S&P Dow Jones Indices a rapporté le 28 juillet, heure locale, que les prix des logements aux États-Unis ont progressé de 1,1% en glissement annuel en mai, selon l’indice national S&P CoreLogic Case-Shiller des prix des logements, s’accélérant par rapport à la hausse de 0,9% d’avril. Les indices composites à 10 villes et à 20 villes ont enregistré des progressions annuelles de 2,4% et 1,6% respectivement, contre 1,8% et 1,2% en avril. Rebecca Kaufman, responsable produit chez S&P, a souligné que si les prix nominaux des logements ont augmenté de 1,1% en mai, l’inflation a atteint 4,2% au cours du même mois—son plus haut niveau sur trois ans—ce qui indique que les prix réels des logements continuent de baisser. Les hausses mensuelles reflètent une vigueur saisonnière généralement associée à la saison printanière de l’achat immobilier, mais la demande reste freinée par des coûts d’emprunt élevés, les taux des prêts hypothécaires à 30 ans grimpant à 6,5% en mai.
Résultats de l’indice de mai : divergence au niveau des villes
Sur une base non corrigée des variations saisonnières, l’indice national a augmenté de 0,6% d’un mois sur l’autre en mai, tandis que les indices à 10 villes et à 20 villes ont tous deux progressé de 0,9% par rapport à avril. Chicago a enregistré la plus forte hausse annuelle, à 6,9%, suivie de New York à 4,2% et de Cleveland à 3,1%. Las Vegas a été la seule ville à afficher une baisse, tombant à -1,9% en glissement annuel.
Tendance de l’indice S&P CoreLogic Case-Shiller. Source : S&P Dow Jones Indices
Points clés de l’analyste S&P : baisse des prix réels malgré l’inflation
Rebecca Kaufman a indiqué que la hausse nominale des prix de 1,1% en mai tranche nettement avec le taux d’inflation de 4,2% enregistré le même mois, suggérant une érosion continue des prix réels. Elle a expliqué que le niveau des taux des prêts hypothécaires à 30 ans, atteignant 6,5% en mai—bien au-dessus des taux ultra-faibles de 3% observés auparavant—, combiné à une inflation persistante, maintient élevés à la fois les coûts du financement immobilier et les dépenses de subsistance pour les acheteurs potentiels. Kaufman a ajouté que cet environnement continue de limiter la demande de logement, avec des coûts d’emprunt élevés qui empêchent les acheteurs potentiels d’entrer sur le marché. Elle a noté que les hausses mensuelles des prix correspondent aux schémas saisonniers typiquement observés pendant la saison printanière de l’achat immobilier.
FAQ
Que mesure l’indice des prix des logements S&P CoreLogic Case-Shiller ?
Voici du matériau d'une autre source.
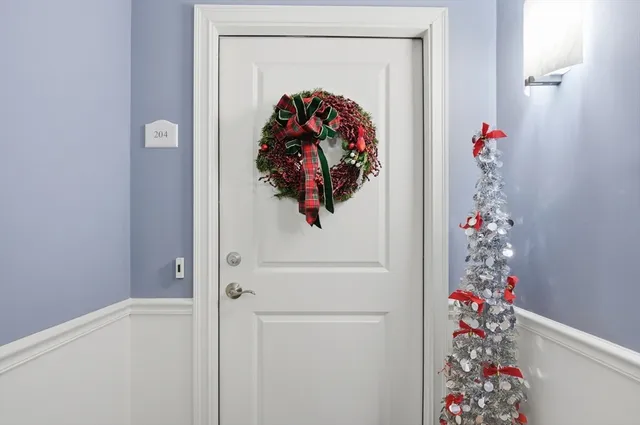 $339,900 | 1818 Main Street, Unit 204, Holden, MA 01522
L’indice S&P CoreLogic Case-Shiller des prix des logements suit l’évolution des valeurs de l’immobilier résidentiel aux États-Unis. L’indice national en mai a progressé de 1,1% en glissement annuel, tandis que les indices composites à 10 villes et à 20 villes ont augmenté de 2,4% et 1,6% respectivement.
Pourquoi S&P a-t-il dit que les prix réels des logements baissent malgré des hausses nominales ?
Rebecca Kaufman de S&P a indiqué que si les prix nominaux des logements ont augmenté de 1,1% en mai, l’inflation a atteint 4,2% au cours du même mois—son plus haut niveau sur trois ans—ce qui signifie que les prix des logements ont reculé en termes réels après ajustement de l’inflation. Elle a cité des taux hypothécaires élevés de 6,5% et des coûts de la vie élevés comme facteurs limitant la demande des acheteurs.